Será que acolher essas cinco pessoas por dia, cuidar delas, acarinhá-las será uma carga assim tão grande para o sistema de saúde desse pequeno país de dez milhões?  Será que o facto de não ter essa gente agora sem terra com o que pagar os cuidados que lhe são prestados justifica ser, por outra gente sem um mínimo de compaixão, mas com acesso a trabalhos parlamentares e a programas televisivos, exposta como parasita, como oportunista, composta por falsos necessitados que consigo até trazem telemóveis?

Será que a permanência dessas pessoas por cá, trabalhando como puderem, irá prejudicar assim tanto a empregabilidade dos nem sempre muito empenhados autóctones? Ainda que inicialmente não especializado ou particularmente bem preparado, será de desprezar o contributo que estes nossos habitantes darão à economia e à cultura do pequeno país que as acolhe?

Mesmo abstraindo do fator humano, a lógica elementar dirá ao mais desinformado fariseu que, desde que as operações de acolhimento e de acompanhamento sejam bem planeadas, bem geridas e bem executadas, o proveito para os países que abram os seus braços ultrapassará, globalmente, o inicial inegável impacto negativo sobre as contas do Estado.  Não se trata de um custo, mas de económico e social investimento.

A partir dos dados disponíveis, concluir o contrário revela falta de humanidade, ou que anda por aí tenebrosa desinformação, a ponto de poder fazer esquecer que a maior maravilha do Mundo é as pessoas serem como são.

Aumento da criminalidade?  Claro que nem todos são santos, mas também não são os criminosos empedernidos que alguns querem fazê-los parecer.  Entre os refugiados há de tudo, melhor e pior, tal como de tudo há, também, no tal abençoado cantinho à beira mar plantado.

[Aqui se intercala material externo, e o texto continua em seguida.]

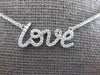 ESTATE 0.16CT DIAMOND 18KT WHITE GOLD 3D CLASSIC SCRIPT LOVE NECKLACE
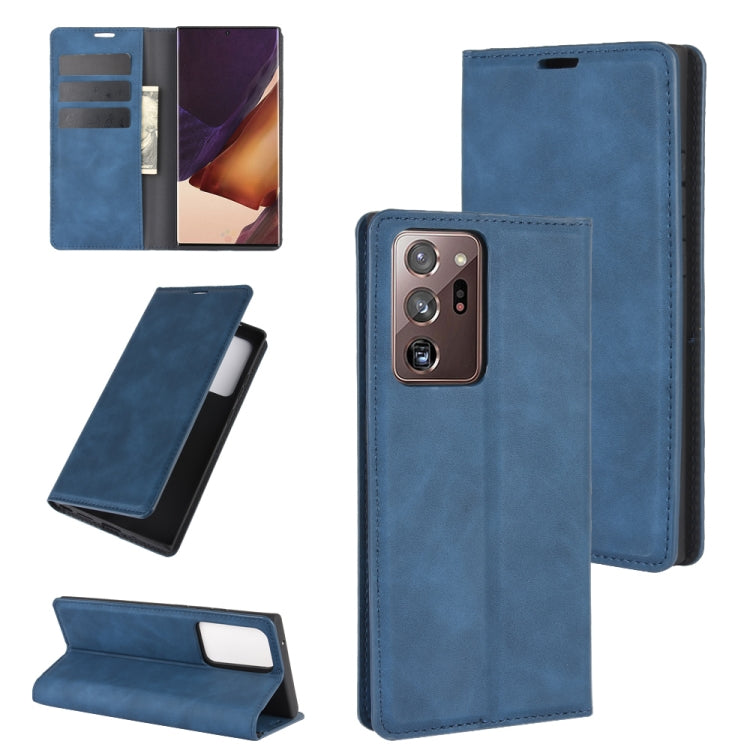 Per Samsung Galaxy Note20 Custodia in pelle con ventosa magnetica per affari ultra retrò con supporto, slot per carte e portafoglio, For Samsung Galaxy Note20 Ultra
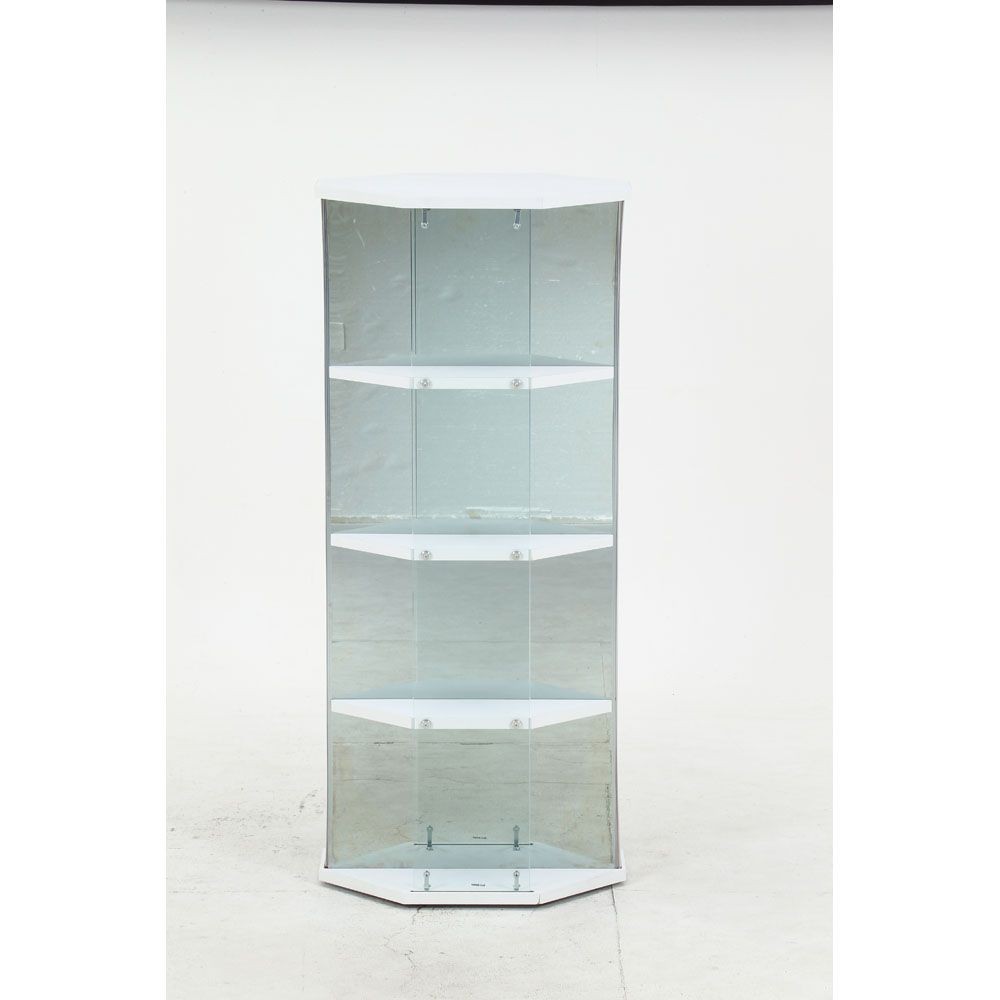 不二貿易 ガラスコレクションケース　ＢＡＡＬ　コーナー　ＷＨ【メーカー直送・代引不可】, ホワイト, 幅522mm&times;奥行425mm&times;高さ1195mm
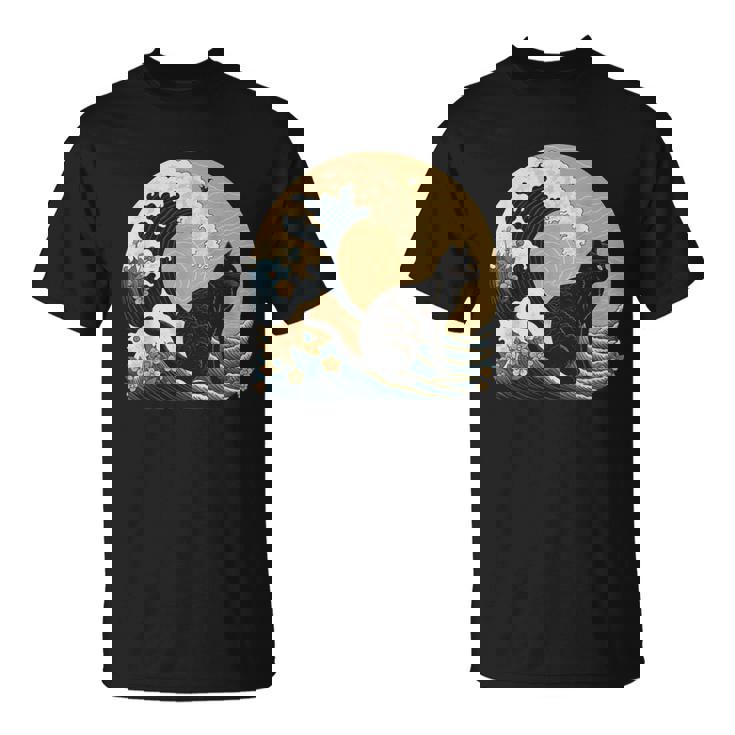 シュールレアリズム 日本画 黒猫 Tシャツ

Em qualquer caso, não pode duvidar-se de que esse pequeno país de dez milhões tem alguma, embora reconhecidamente limitada, capacidade de acolher quem em tão deploráveis condições o demanda; e a responsabilidade varia na razão direta das nossas capacidades e na razão inversa das nossas limitações.

Não se entende, assim, como podem, no tal pequeno país, pessoas ditas de bem insurgir-se contra o acolhimento de meia dúzia de casos em cada mês*), manifestando-se pela imediata decisão de os deportar. Como pode continuar-se a confundir esta quantidade mínima, residual, que lá consegue desembarcar com o estabelecimento de uma nova rota migratória para quem quer ficar, inerte, a receber bens e serviços do país de acolhimento nada tendo que, por sua vez, lhe dar?

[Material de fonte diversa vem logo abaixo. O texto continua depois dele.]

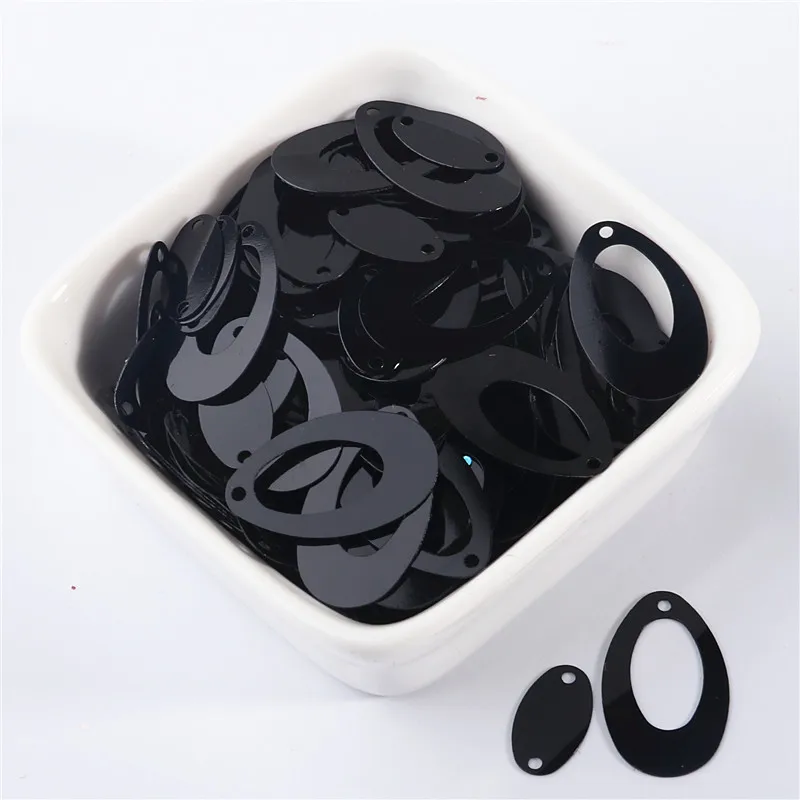 Золотые двойные овальные блестки большие серьги поделки пайетки россыпью сделай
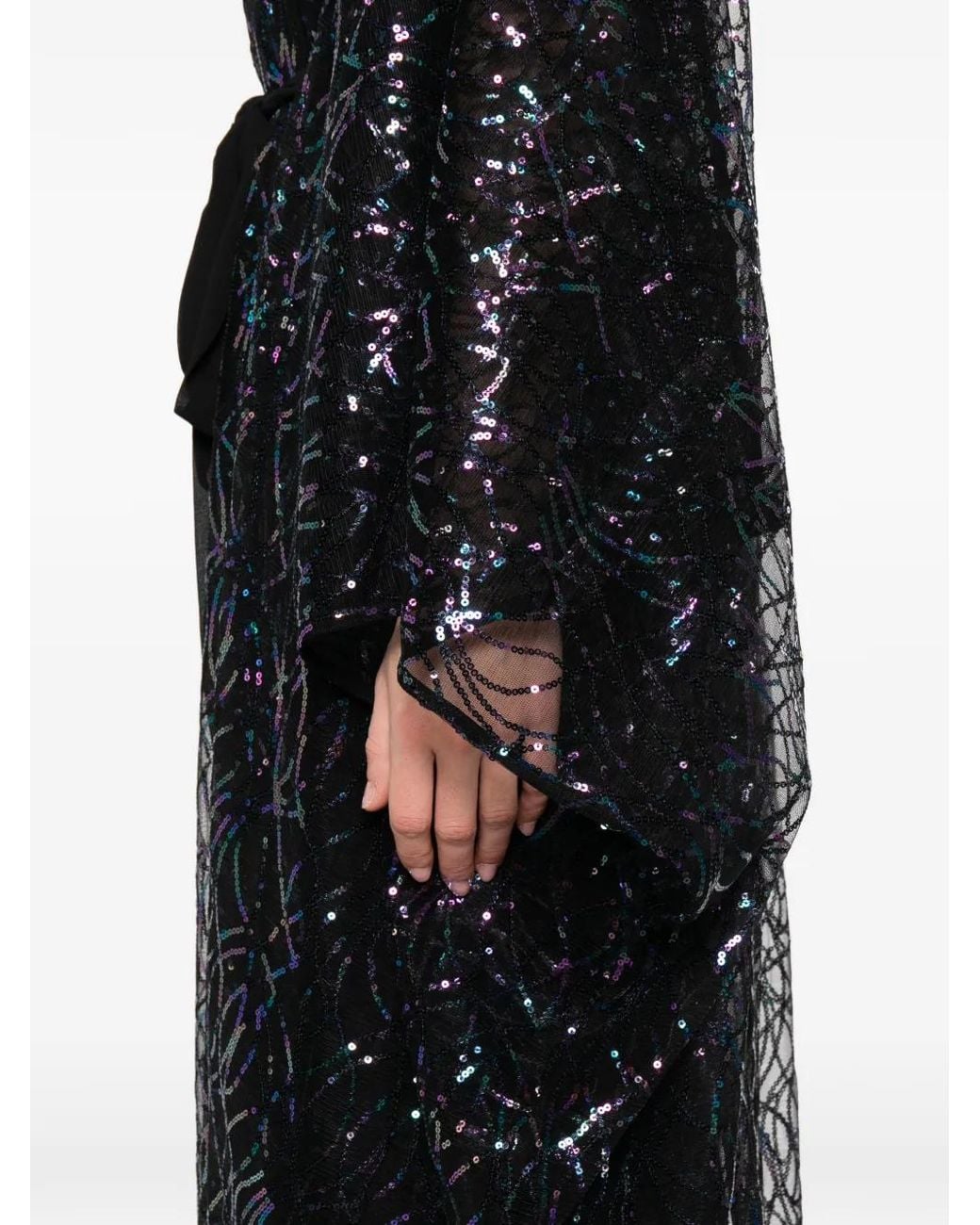 Baruni Black Habiba Sequinned Kaftan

Há coisas que nem em campanha eleitoral se deve dizer.  Melhor dizendo, que, sobretudo em campanha eleitoral, não se deve dizer.  Num pequeno país que se pretende humanista, seria, para qualquer político, bem mais adequado e inteligente exaltar os valores a essa ideia indelevelmente associados.

Tampouco se entende o que leva alguns a associar a esquerda ou direita a decisão de acolher ou deportar, de discriminar positivamente ou de apenas tolerar, quando, independentemente da cor política, a rejeição se deve, fundamentalmente, a egoísmo, orgulho e preconceito, e pouco mais.

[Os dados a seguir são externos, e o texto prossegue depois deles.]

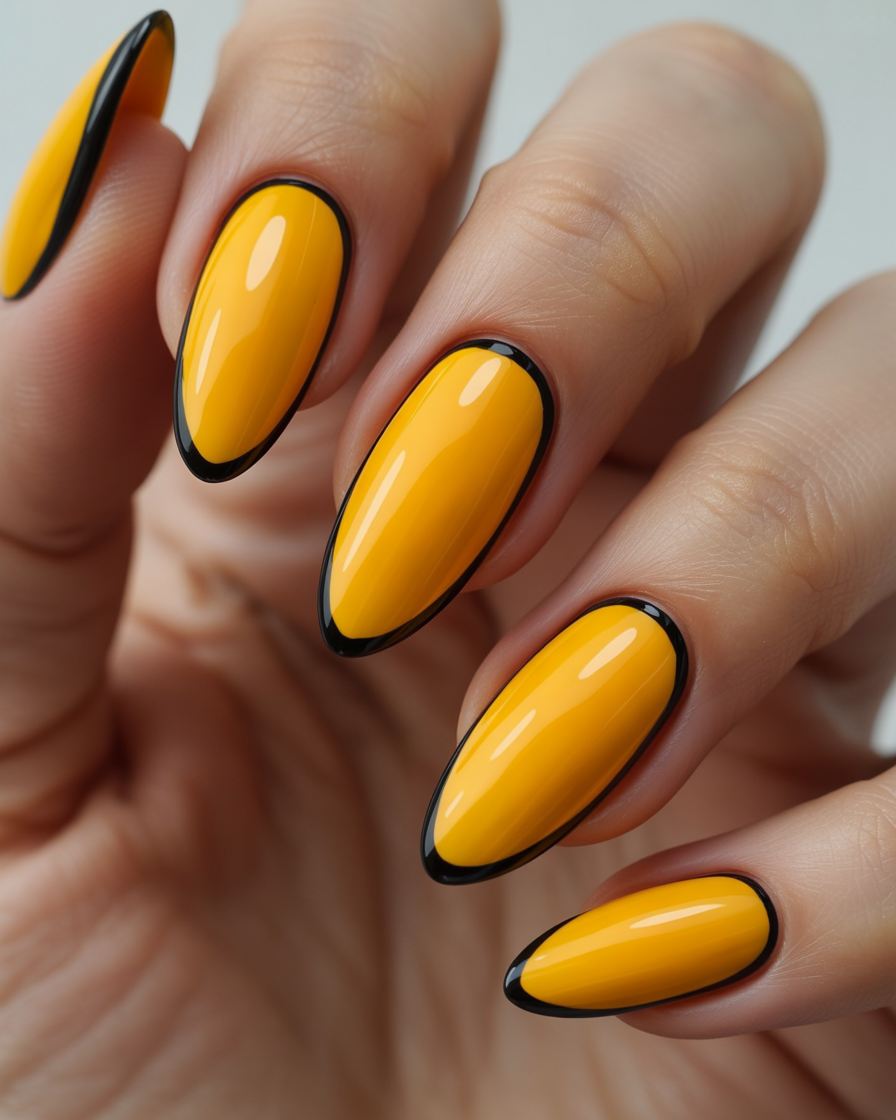 Yellow almond nails with black outline.
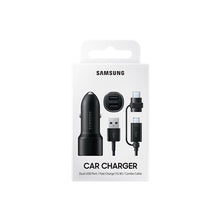 Load image into Gallery viewer, Samsung Car Charger Duo Dual USB A Fast Charge &amp; Multi Cable - Black 1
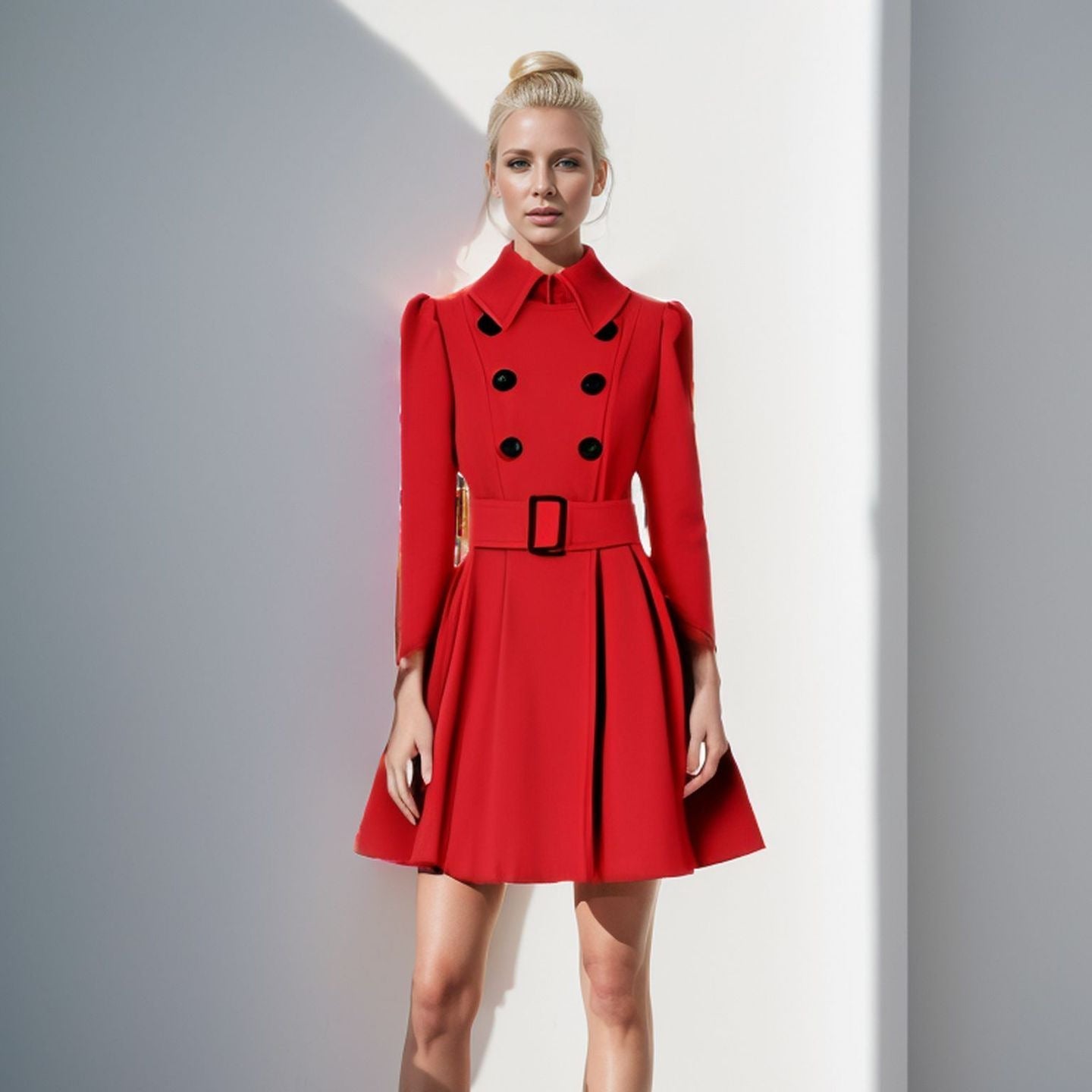 Damen Trenchcoat Elegante Taille mit Doppelknöpfen
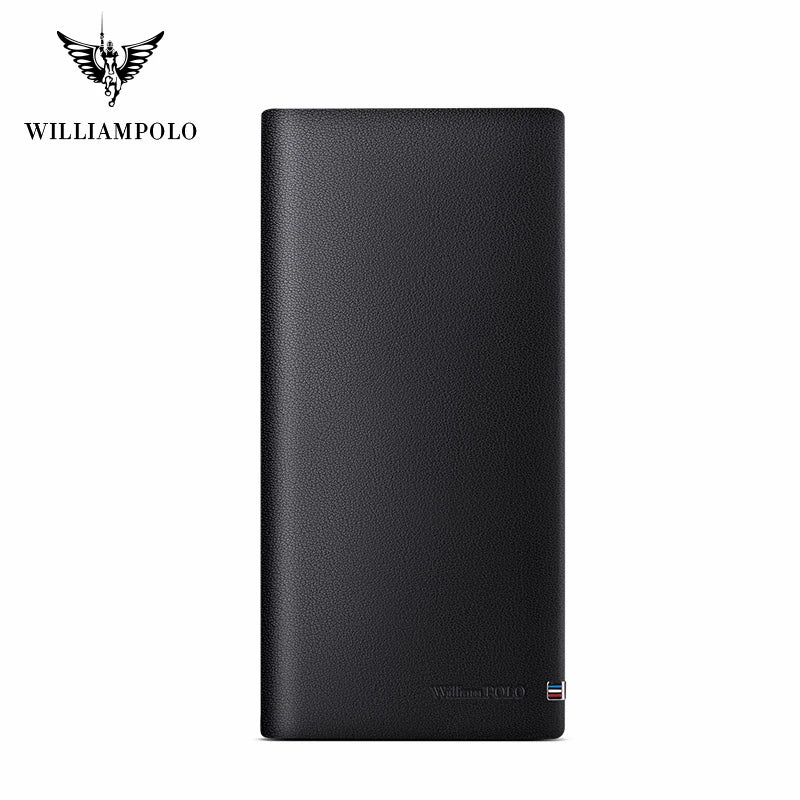 WILLIAMPOLO Men’s Wallets High Quality Cowhide Card Holder Genuine Leather Men Clutch Wallets Male Passport Cover Purses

Quantos refugiados desses que vêm em botes não seria possível albergar, alimentar e tratar apenas com os milhões que, qual jogador de bola fugido ao fisco, o refugiado de luxo do início destas linhas irá entregar às Finanças do país de origem para um dia o deixarem regressar ao seu sumptuoso palácio sem temer mais pesada pena ter de pagar?

Pois não são estes refugiados seres humanos enquanto tal em tudo iguais a esse abastado velejador noutro país refugiado, apenas diferindo, no que é essencial, pelas condições degradantes e insustentáveis em que lutam para sobreviver?

Não, iguais ao abastado governante, de facto, não são.

São até bem diferentes as razões que os fazem escolher outra terra para morar;  e poucas dúvidas restam de que o próximo bote trará carga humana bem mais válida do que um decadente e rico pobre diabo obcecado por mulheres, pelo dinheiro e por aquilo que com ele poderá comprar.

Sic transit gloria mundi...

* *

Apesar de tudo, convirá ter presente que o acolhimento de refugiados não deve, não pode, pôr em risco funções tão essenciais à sociedade que os recebe - e, inevitavelmente, aos próprios - como é o caso da saúde.